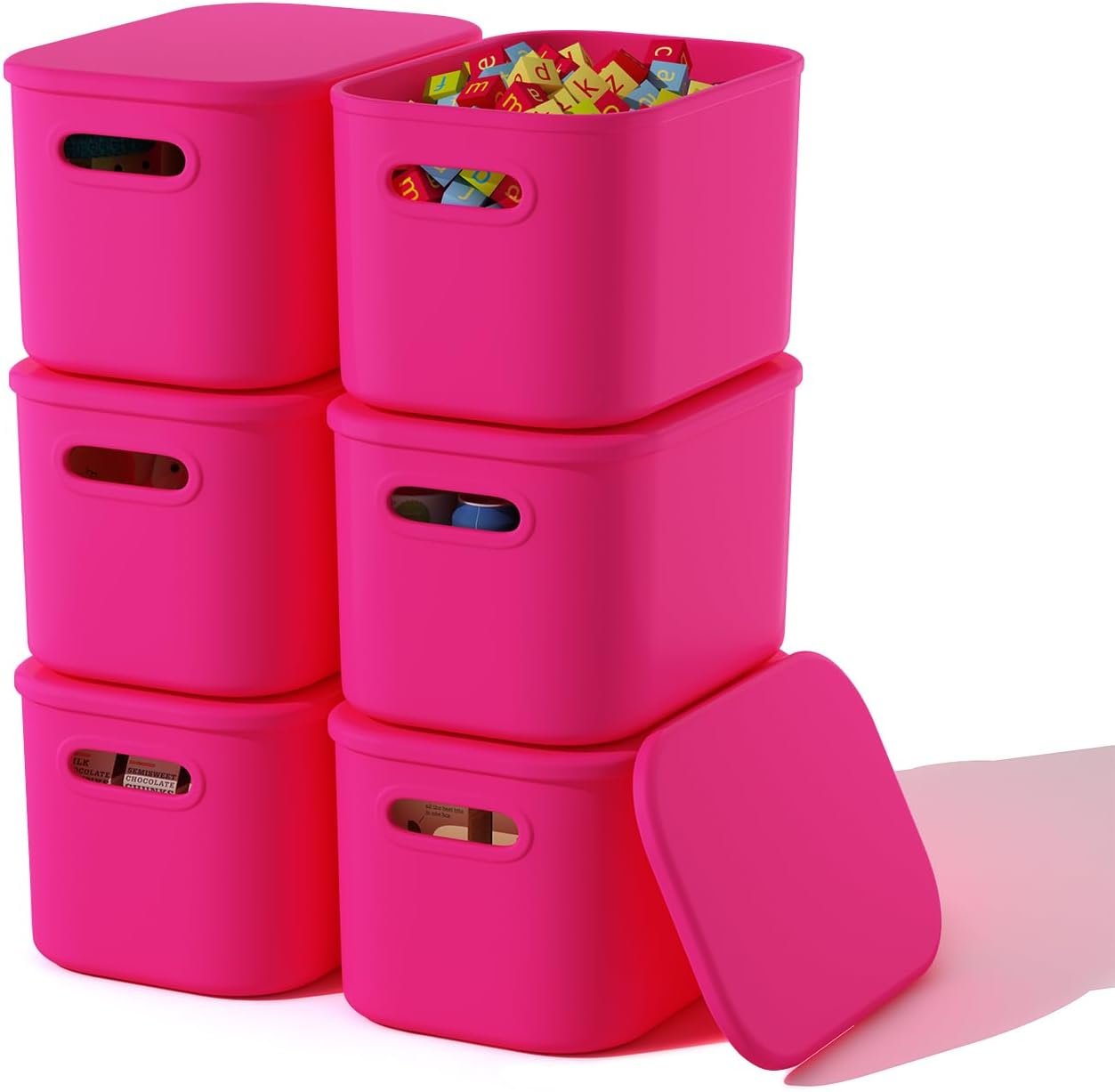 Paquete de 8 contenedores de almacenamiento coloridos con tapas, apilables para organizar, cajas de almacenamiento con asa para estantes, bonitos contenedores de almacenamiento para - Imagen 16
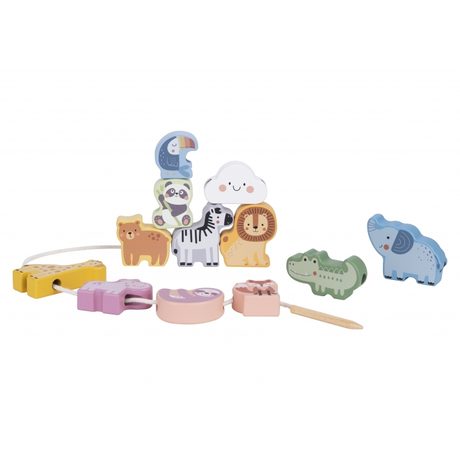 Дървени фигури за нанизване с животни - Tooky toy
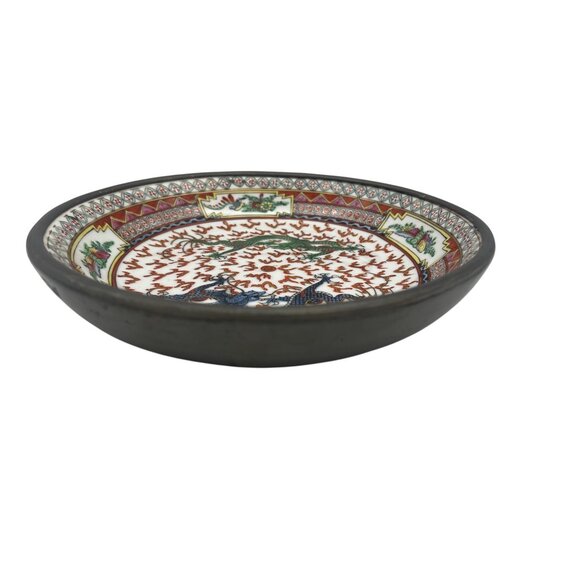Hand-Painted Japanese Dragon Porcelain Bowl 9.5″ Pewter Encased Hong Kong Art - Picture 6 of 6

**Exercise goal**
Give every line above again exactly, with no pictures.

**Expected answer**
 Paquete de 8 contenedores de almacenamiento coloridos con tapas, apilables para organizar, cajas de almacenamiento con asa para estantes, bonitos contenedores de almacenamiento para - Imagen 16
 Дървени фигури за нанизване с животни - Tooky toy
Hand-Painted Japanese Dragon Porcelain Bowl 9.5″ Pewter Encased Hong Kong Art - Picture 6 of 6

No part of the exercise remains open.